Une mission de moins en moins bien comprise par les acteurs du conflit. Témoins gênants ou arbitres accusés de fermer les yeux, les observateurs sont l’objet de tirs indiscriminés venus des deux côtés. «Bien sûr qu’il y a une fausse perception de notre mission, explique Alexander Hug. Mais il faut bien voir que c’est l’unique institution en ce moment qui fait des rapports réguliers, directement et objectivement, depuis les zones de conflit où nous avons accès.»

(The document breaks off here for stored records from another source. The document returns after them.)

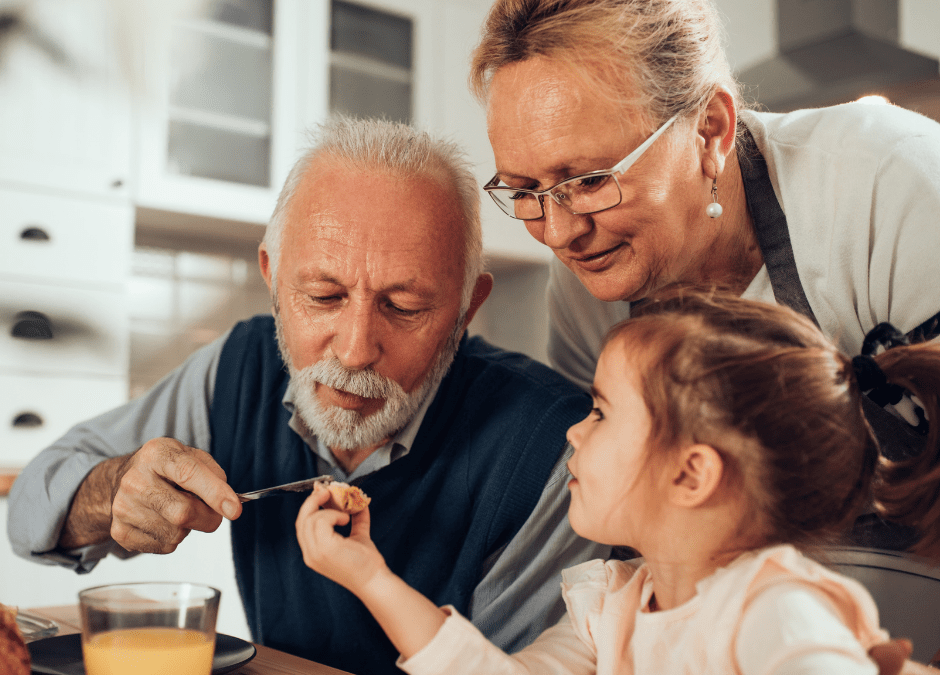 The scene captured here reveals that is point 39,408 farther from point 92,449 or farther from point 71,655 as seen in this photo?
point 71,655

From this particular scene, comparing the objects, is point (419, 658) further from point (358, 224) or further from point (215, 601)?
point (358, 224)

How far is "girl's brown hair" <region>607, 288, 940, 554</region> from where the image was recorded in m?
A: 0.74

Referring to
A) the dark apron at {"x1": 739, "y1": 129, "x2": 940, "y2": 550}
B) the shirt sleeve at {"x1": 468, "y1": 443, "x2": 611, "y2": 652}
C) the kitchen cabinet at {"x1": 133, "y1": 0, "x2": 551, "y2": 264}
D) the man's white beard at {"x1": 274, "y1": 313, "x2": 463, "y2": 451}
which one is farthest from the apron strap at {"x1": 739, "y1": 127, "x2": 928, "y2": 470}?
the kitchen cabinet at {"x1": 133, "y1": 0, "x2": 551, "y2": 264}

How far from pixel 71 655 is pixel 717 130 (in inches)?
38.2

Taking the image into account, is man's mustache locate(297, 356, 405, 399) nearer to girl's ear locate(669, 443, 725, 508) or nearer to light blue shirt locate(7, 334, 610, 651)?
light blue shirt locate(7, 334, 610, 651)

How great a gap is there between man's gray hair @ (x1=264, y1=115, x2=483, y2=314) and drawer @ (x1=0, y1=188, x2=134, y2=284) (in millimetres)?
1678

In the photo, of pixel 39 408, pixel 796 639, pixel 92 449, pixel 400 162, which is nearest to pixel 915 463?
pixel 796 639

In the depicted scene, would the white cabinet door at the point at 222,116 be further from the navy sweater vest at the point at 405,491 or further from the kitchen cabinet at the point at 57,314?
the navy sweater vest at the point at 405,491

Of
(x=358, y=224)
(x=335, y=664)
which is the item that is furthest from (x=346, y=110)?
(x=335, y=664)

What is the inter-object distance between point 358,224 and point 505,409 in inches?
14.0

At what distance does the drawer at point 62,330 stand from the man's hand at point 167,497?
5.84ft

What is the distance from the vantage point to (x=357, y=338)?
112 cm

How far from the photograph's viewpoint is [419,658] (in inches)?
30.4

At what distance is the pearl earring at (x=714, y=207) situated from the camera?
42.9 inches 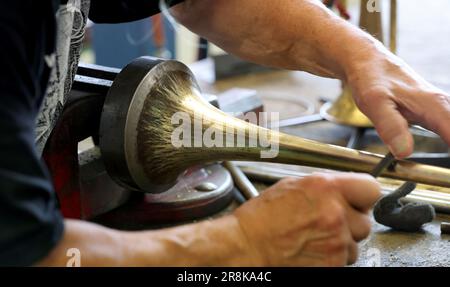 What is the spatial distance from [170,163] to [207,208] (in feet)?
0.44

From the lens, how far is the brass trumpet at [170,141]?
789 mm

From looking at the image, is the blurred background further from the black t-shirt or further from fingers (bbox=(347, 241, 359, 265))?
the black t-shirt

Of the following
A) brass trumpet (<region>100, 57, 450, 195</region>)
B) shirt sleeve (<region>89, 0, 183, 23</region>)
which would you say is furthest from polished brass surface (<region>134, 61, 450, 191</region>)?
shirt sleeve (<region>89, 0, 183, 23</region>)

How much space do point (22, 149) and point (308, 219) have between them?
0.25m

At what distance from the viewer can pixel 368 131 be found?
1263 mm

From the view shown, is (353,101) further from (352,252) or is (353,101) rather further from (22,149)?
(22,149)

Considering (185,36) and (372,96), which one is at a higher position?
(372,96)

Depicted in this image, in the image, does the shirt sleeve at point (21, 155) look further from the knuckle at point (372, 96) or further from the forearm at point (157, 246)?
the knuckle at point (372, 96)

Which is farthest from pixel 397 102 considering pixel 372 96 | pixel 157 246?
pixel 157 246

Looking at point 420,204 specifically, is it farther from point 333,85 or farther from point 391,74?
point 333,85

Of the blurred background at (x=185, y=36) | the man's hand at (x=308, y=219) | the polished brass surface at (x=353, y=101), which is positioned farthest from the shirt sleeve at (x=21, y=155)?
the blurred background at (x=185, y=36)

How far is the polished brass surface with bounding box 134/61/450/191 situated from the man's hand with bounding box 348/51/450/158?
0.04m

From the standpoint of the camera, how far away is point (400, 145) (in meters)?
0.74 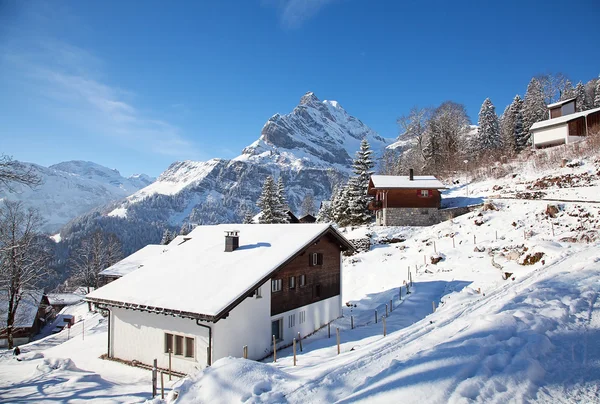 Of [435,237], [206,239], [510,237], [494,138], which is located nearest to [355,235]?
[435,237]

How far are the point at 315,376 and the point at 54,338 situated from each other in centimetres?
3981

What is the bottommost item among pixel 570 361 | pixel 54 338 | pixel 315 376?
pixel 54 338

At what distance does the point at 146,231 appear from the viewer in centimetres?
16675

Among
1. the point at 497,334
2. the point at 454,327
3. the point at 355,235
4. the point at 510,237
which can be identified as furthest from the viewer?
the point at 355,235

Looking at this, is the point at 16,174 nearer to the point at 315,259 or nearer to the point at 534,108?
the point at 315,259

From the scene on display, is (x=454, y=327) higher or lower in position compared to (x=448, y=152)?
lower

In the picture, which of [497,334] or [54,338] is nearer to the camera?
[497,334]

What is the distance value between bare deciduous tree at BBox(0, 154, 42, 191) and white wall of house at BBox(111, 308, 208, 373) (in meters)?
7.93

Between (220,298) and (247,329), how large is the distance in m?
2.35

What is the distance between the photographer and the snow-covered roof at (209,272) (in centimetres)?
1398

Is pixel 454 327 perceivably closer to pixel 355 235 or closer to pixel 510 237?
pixel 510 237

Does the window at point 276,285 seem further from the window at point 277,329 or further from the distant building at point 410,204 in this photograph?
the distant building at point 410,204

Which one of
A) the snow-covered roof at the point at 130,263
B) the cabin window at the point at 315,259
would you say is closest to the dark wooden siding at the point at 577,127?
the cabin window at the point at 315,259

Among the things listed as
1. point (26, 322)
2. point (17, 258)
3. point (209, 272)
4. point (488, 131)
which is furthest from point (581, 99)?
point (26, 322) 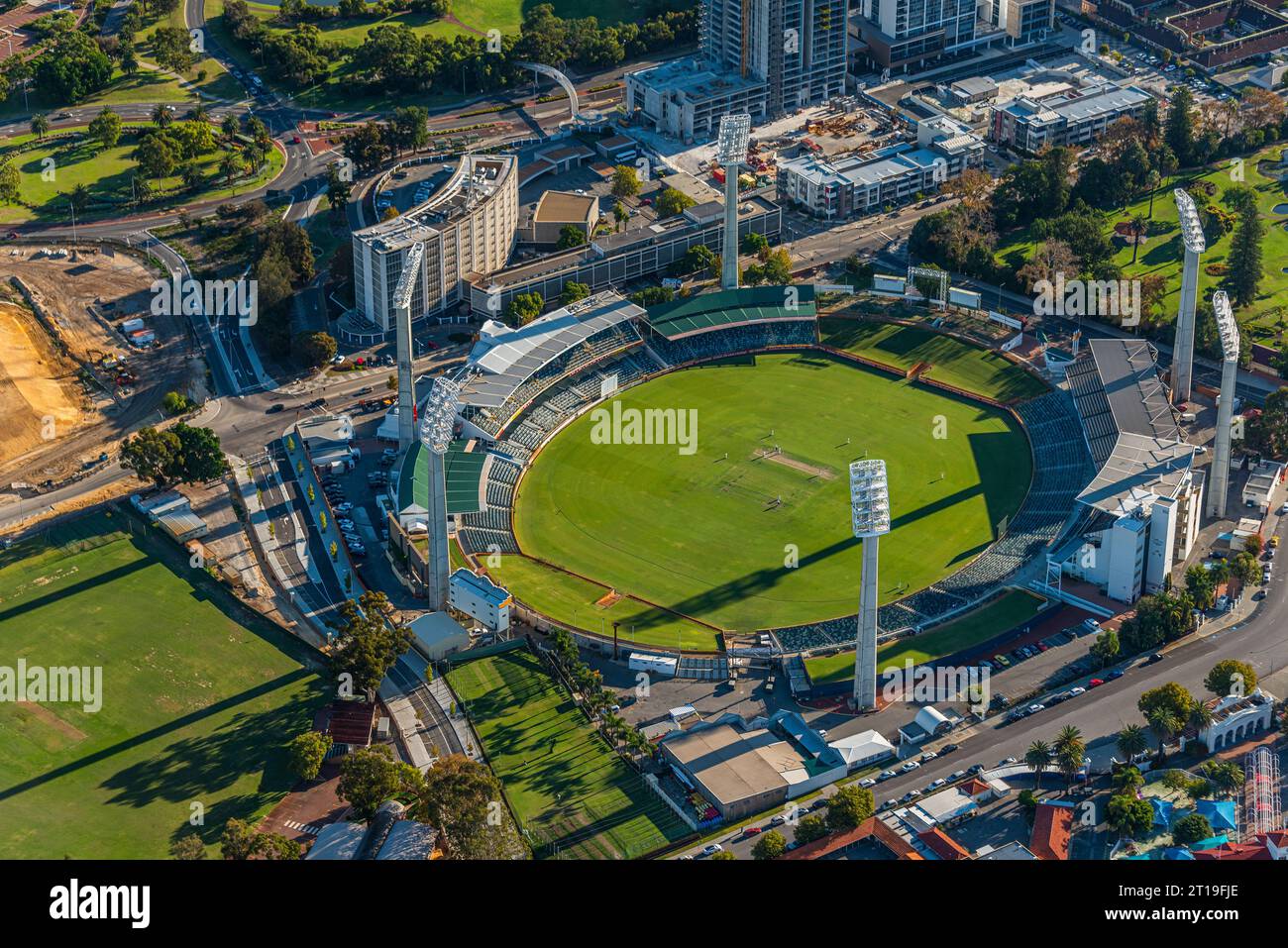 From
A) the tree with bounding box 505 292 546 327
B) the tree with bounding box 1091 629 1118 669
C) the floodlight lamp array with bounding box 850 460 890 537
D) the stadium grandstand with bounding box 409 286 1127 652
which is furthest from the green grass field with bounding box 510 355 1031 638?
the floodlight lamp array with bounding box 850 460 890 537

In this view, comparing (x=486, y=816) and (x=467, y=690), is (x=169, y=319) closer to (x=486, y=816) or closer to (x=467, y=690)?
(x=467, y=690)

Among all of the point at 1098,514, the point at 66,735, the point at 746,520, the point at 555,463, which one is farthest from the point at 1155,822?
the point at 66,735

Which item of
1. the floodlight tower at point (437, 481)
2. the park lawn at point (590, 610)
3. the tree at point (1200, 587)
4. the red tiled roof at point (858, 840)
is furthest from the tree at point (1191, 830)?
the floodlight tower at point (437, 481)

Signés sous l’égide de l’Ukraine, de la Russie, de l’Allemagne et de la France en septembre 2014, puis complétés en février, les Accords de Minsk sont eux-mêmes en sursis. Les trois premiers points de cet armistice, le cessez-le-feu, le retrait des armes lourdes et leur vérification par l’OSCE n’ont jamais été entièrement respectés.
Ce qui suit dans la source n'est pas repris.